** Your instructions **
All the entries need to be duplicated exactly, with the pictures omitted.
(Input records)
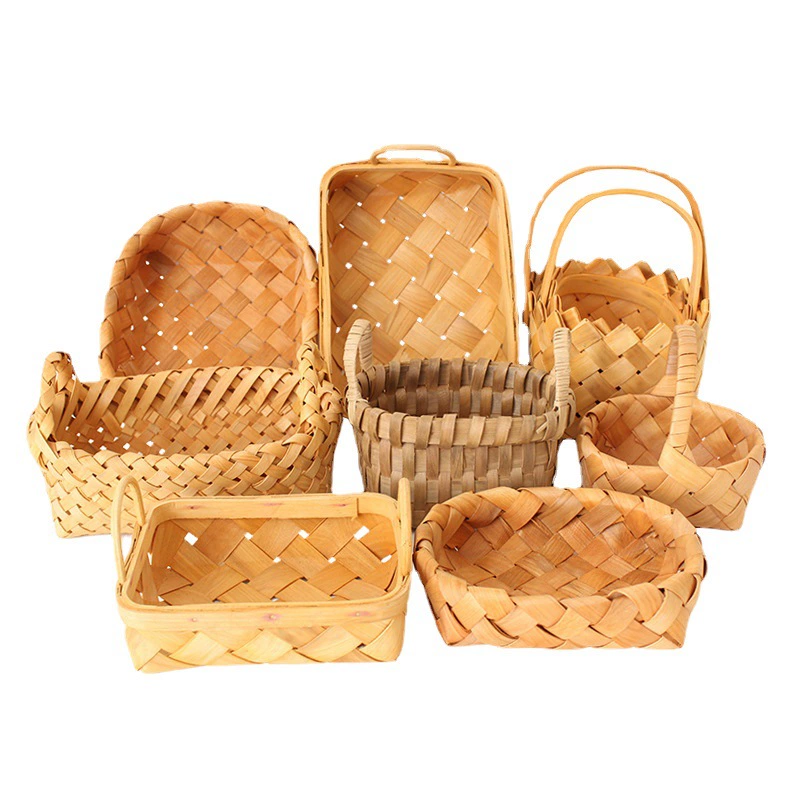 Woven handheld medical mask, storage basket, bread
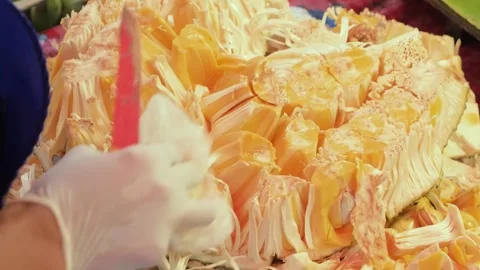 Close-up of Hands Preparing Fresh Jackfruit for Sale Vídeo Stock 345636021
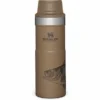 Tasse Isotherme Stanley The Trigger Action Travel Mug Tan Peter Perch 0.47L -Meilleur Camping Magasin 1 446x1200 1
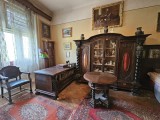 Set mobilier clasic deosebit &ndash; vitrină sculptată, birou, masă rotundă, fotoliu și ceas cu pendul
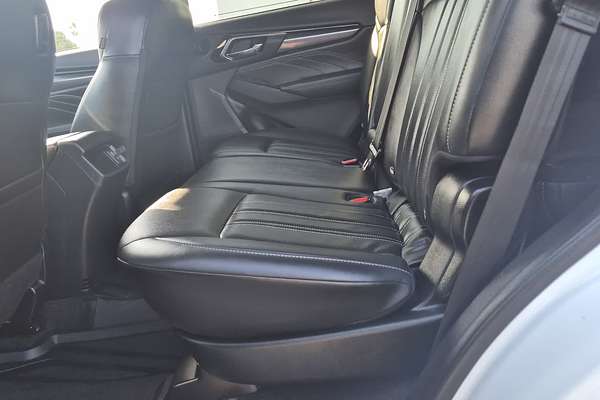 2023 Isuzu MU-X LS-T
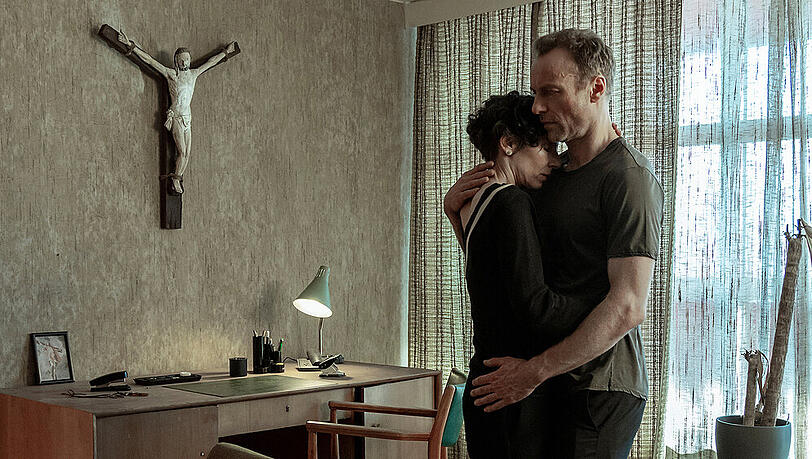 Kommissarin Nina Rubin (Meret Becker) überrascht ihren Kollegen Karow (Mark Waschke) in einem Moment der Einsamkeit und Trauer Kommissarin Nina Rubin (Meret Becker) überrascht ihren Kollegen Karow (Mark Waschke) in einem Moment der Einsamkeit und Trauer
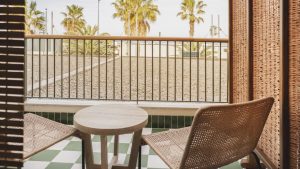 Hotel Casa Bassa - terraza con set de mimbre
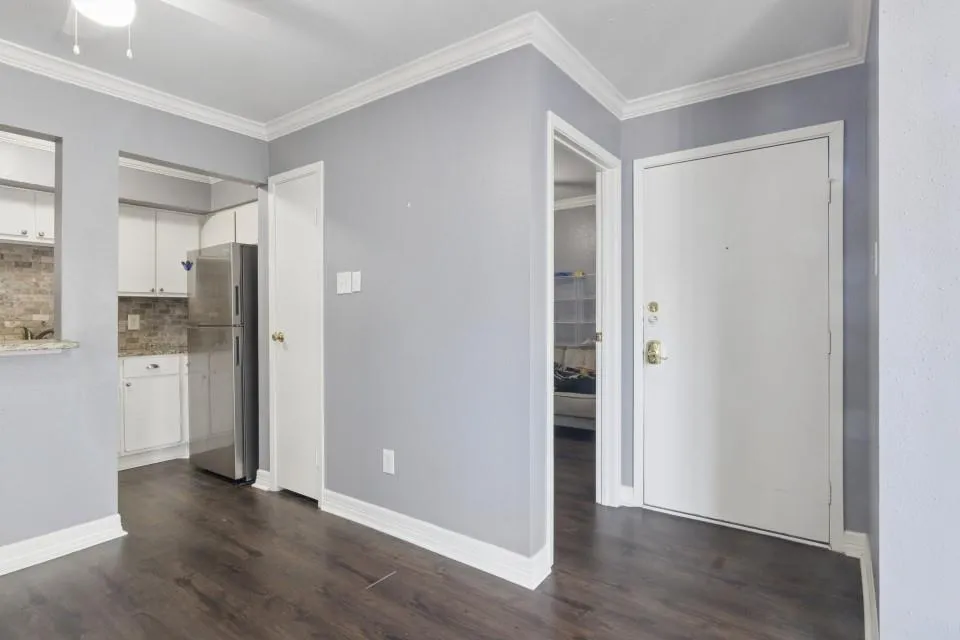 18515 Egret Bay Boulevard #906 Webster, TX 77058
(End Input records)
** Answer area **
 Woven handheld medical mask, storage basket, bread
 Close-up of Hands Preparing Fresh Jackfruit for Sale Vídeo Stock 345636021
 Tasse Isotherme Stanley The Trigger Action Travel Mug Tan Peter Perch 0.47L -Meilleur Camping Magasin 1 446x1200 1
 Set mobilier clasic deosebit &ndash; vitrină sculptată, birou, masă rotundă, fotoliu și ceas cu pendul
 2023 Isuzu MU-X LS-T
 Kommissarin Nina Rubin (Meret Becker) überrascht ihren Kollegen Karow (Mark Waschke) in einem Moment der Einsamkeit und Trauer Kommissarin Nina Rubin (Meret Becker) überrascht ihren Kollegen Karow (Mark Waschke) in einem Moment der Einsamkeit und Trauer
 Hotel Casa Bassa - terraza con set de mimbre
 18515 Egret Bay Boulevard #906 Webster, TX 77058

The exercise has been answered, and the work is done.